1. Check Redis for key "leaderboard:daily"
2. Cache hit -> return result
3. Cache miss -> run expensive query -> store in Redis with 5-minute TTL -> return
Scaling Timeline
A practical progression for database scaling as load grows:
Stage 1: Single database, optimize queries & indexes
Stage 2: Add connection pooling (PgBouncer/ProxySQL)
Stage 3: Add caching layer (Redis) for hot queries
Stage 4: Add read replicas for read-heavy workloads
Stage 5: Vertical scaling (bigger instance)
Stage 6: Shard for write-heavy workloads
Stage 7: Move to purpose-built databases for specific workloads
(Elasticsearch for search, Redis for sessions, Cassandra for time-series)
YouTube's Vitess project is a real-world embodiment of this scaling timeline. Originally built to scale YouTube's MySQL databases, Vitess adds a proxy layer that handles connection pooling, query routing, and transparent sharding on top of standard MySQL. It allows teams to start with a single MySQL instance and incrementally shard as load grows, without rewriting application queries. Vitess is now open source and used in production by Slack, GitHub, and others as a general-purpose MySQL scaling solution.
Common Pitfalls
- Sharding too early. Sharding is operationally expensive (migrations, cross-shard joins, rebalancing). Exhaust read replicas, caching, and query optimization first.
- Wrong shard key. A bad shard key creates hot spots or forces cross-shard queries. Choose a key that matches your primary access pattern and distributes evenly.
- Ignoring connection limits. A database with a 200-connection limit serving 50 app servers at 10 connections each is already over capacity. Use a pooler.
- No read-your-writes consistency.

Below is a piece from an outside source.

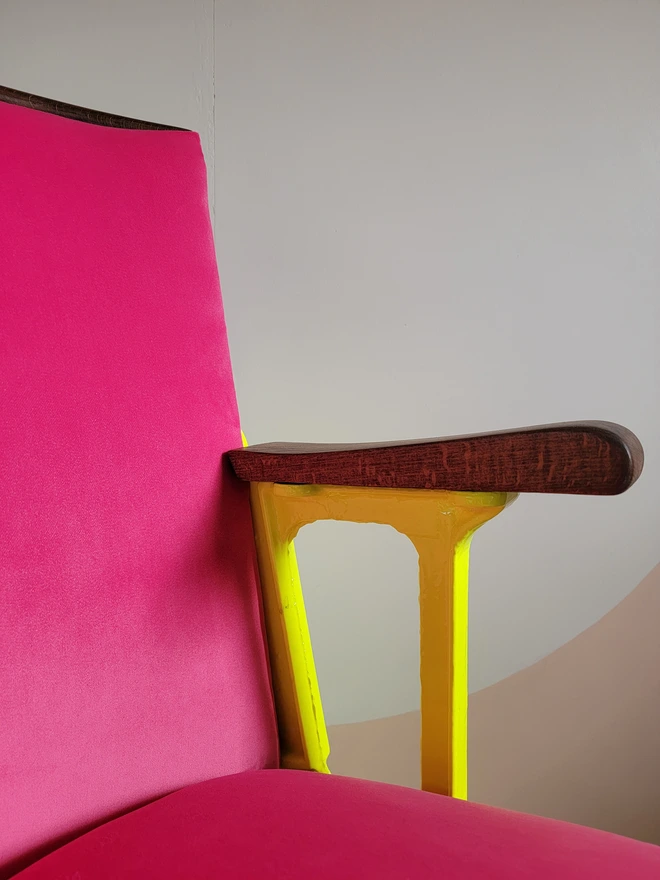 Hot pink velvet cinema seat - angle close up with seat down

After a write, routing the same user to a lagging replica causes confusion. Implement read-your-writes for interactive workflows.
- Over-denormalizing. Denormalization speeds reads but creates update anomalies. Denormalize strategically for hot paths, not everywhere.
- Missing indexes on foreign keys. Joins and cascading deletes do full table scans without indexes on foreign key columns.
Key Takeaways
- Read replicas are the first scaling lever for read-heavy workloads. Understand replication lag trade-offs.
- Sharding is necessary for write scaling but adds significant complexity. Choose the shard key carefully.
- Connection pooling is often the cheapest way to extend a database's capacity.
- Query optimization (indexes, EXPLAIN, avoiding N+1) should come before any infrastructure scaling.
- Follow the scaling timeline: optimize, pool, cache, replicate, then shard.
- Use the right database for the right workload. Polyglot persistence is standard at scale.